And we were surprised.
If not pleasantly, we were surprised nonetheless to find out that Der Todesking is a work of art, fashioned with care by a man who has something profound to communicate on the unavoidable subject of death and mortality.
Buttgereit’s reputation and past filmography would lead you to believe that Der Todesking is nothing more than a shameless exercise in morbid exploitation. With the two controversial Nekromantik films under his belt, no one could have foreseen that Der Todesking would be as provocative and intellectually satisfying as it is.
What we have in Der Todesking is an anthology film of sorts. The film unfolds in seven segments - “Monday” through “Sunday” - in which we peek into the pathetic and desperate lives of several individuals as they are faced with death, by way of senseless murder and suicide. Each segment unfolds in a matter-of-fact, emotionally detached fashion. We know nothing of these characters beforehand. We are witnesses to their collective demise and nothing more.
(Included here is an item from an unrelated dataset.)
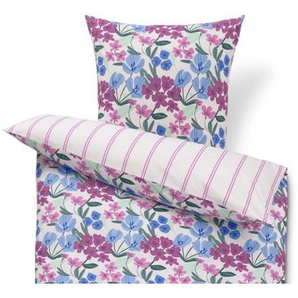 Renforcé-Bettwäsche, Normalgröße, weiß floral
In between - and sometimes interrupting - each segment, we see a body gradually decomposing. Buttgereit never lets us forget the death that is at the heart of the film. We aren’t allowed any comic relief - no escape from the desperation. The two segments which bookend the film are definitely the most potent, but nothing here should be dismissed. Der Todesking holds a power which few films can claim, and once you are in its grasp, you’ll stay there until the credits roll - maybe even long after.
This is not a film for the faint of heart, by any means. You should definitely approach this piece with caution - however, if you are willing to take the plunge, you will find that it is rewarding in many respects.
The Blu-ray that Cult Epics has released is a pristine collectors edition, complete with a glossy slipcover, several special features, and a special postcard. Film buffs and lovers of underground cinema should definitely check it out.